Must stop here, because I'm still laughing so hard it's difficult to breathe.

Tuesday, April 17, 2007

Richardson outpolls "Other" and "No F'ing Clue"

Edwards stretches his lead over Obama to 43-25 in April's survey of Kossacks. Hillary finally pulls ahead of Kucinich, 3-2.

Update (4/18): Jerome has more polls and more analysis.

In other non-shooting-rampage related news ...

-- Go see a movie tonight with filmmaker and Houston native Richard Linklater at the MFAH. He's picked Some Came Running, Vincente Minnelli's 1958 film starring Frank Sinatra, Dean Martin and a very young Shirley MacLaine.

-- When the focus shifted from trying to catch drug traffickers to people crossing the border, then sure enough, drug prosecutions went down. Which of these is the real crime? (I realize you libertarians should answer 'neither'...)

-- My old state rep, the art censor, is building a large house in the district. A very large house.

-- Harris County's new judge, Ed Emmett, supports the completion of the Grand Parkway (bad) but sounds like he's opposed to both the TTC -- mostly he thinks it was bad PR -- and rail anywhere except on Richmond (both good, if true).

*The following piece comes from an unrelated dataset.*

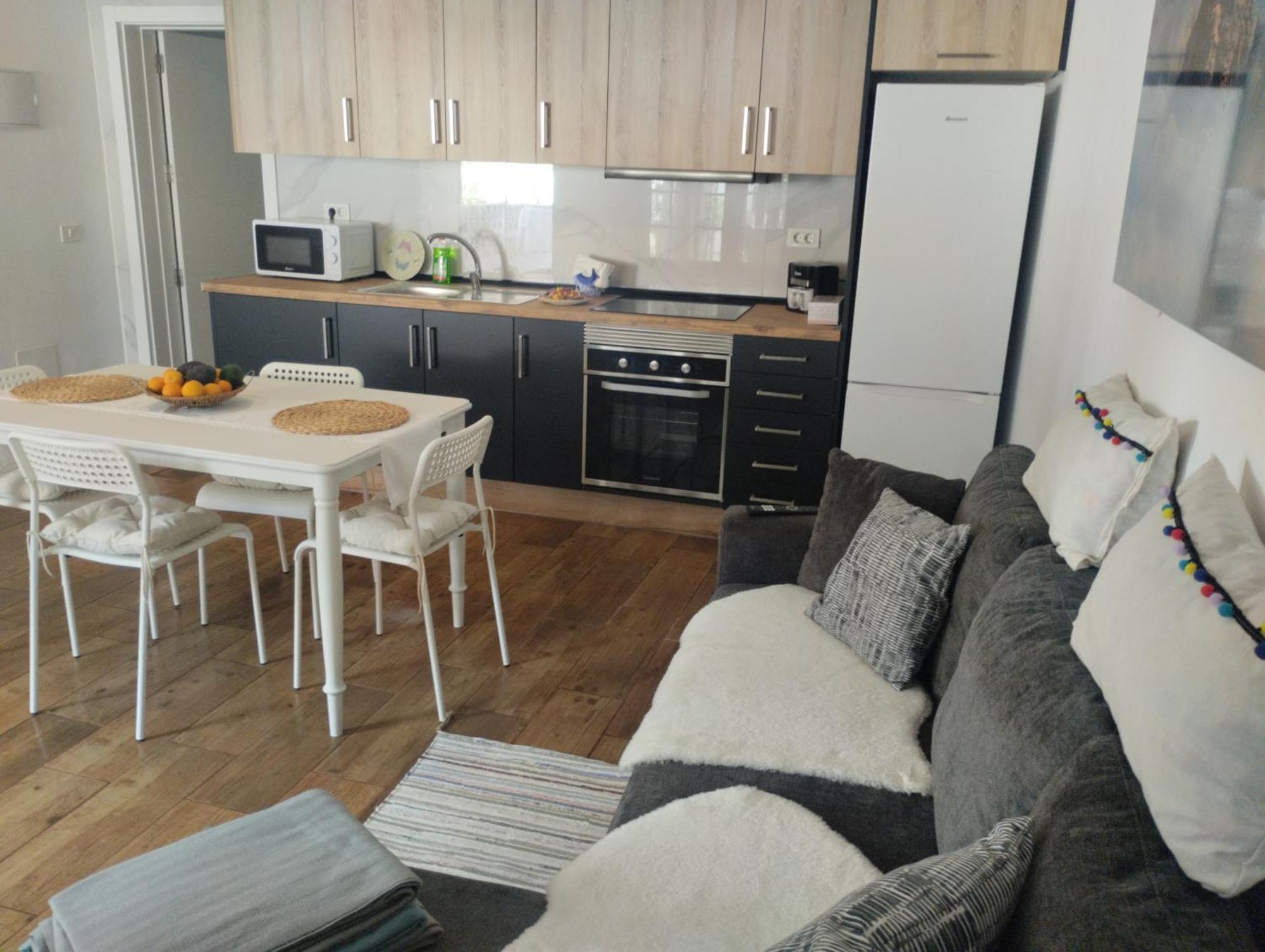 Casita Fataga Apartment Ngoại thất bức ảnh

He's not likely to do much about any of this until he faces the voters (and wins).

-- Republican state legislators are playing smoke-and-mirrors with the stem cell bill. Apparently they can only get things like this done when the Democrats aren't paying attention. South Texas Chisme has more on the story, and the Texas Freedom Network has a petition for you to show your support for stem cell research.

Monday, April 16, 2007

Restricting the Vote: HB-626

Tonight the Texas Progressive Alliance conferenced with John Courage and Terri Sperry of True Courage Action Network, Nate Isaacson of PFAW, and other voting rights activists on HB-626, the voter ID bill which would place too onerous a burden on the rights of Texans to cast their ballots.

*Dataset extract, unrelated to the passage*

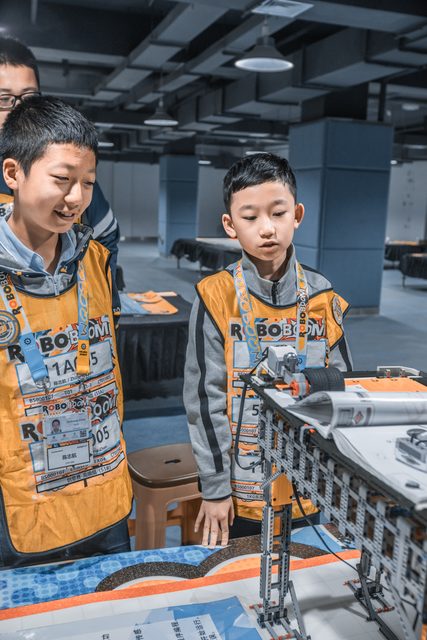 20/21 ROBOBOOM 兰州站 · 照片 171 / Photo 171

The bill requires requires voters to provide a certified copy of a passport, birth certificate, or naturalization papers (proving citizenship) at the time of voter registration, and a photo ID at the polling place. Sonia Santana, my friend and the most engaged citizen in the state of Texas on this issue, posted a recent diary detailing the concerns. Vince and Hal posted on the bill's filing in January, and it comes up for a vote this week.

Certified copies -- not the original documents -- are necessary because the copies are retained by the voter registrar, which will no longer be the person you sign up with at the Wal-Mart, or the county fair, or even at the driver's license renewal office. Certified copies aren't inexpensive; costs vary but they're in the range of $20 to $30. That makes this requirement essentially a poll tax, which is precisely what the Republicans sponsoring it want to achieve: suppression of votes by minorities and less-than-wealthy people. But it also will exclude students, seniors, the disabled and many working people by putting too high a price on a person's time and mobility to acquire the proof.

People whose names have changed, through adoption or marriage, will be at an additional disadvantage. People born at home -- a not-so-insignificant number of people in Texas -- don't have a birth certificate, and as such will likewise be inconvenienced at best and disenfranchised at worst.

This is bad legislation with nefarious intent: suppressing the vote under the guise of a concern for a problem which exists only in the imagination of men like Karl Rove.

Contact your state representative and tell them to vote NO. Look up your state rep with this link.

Update (4/17): Paul Burka and I are in complete agreement.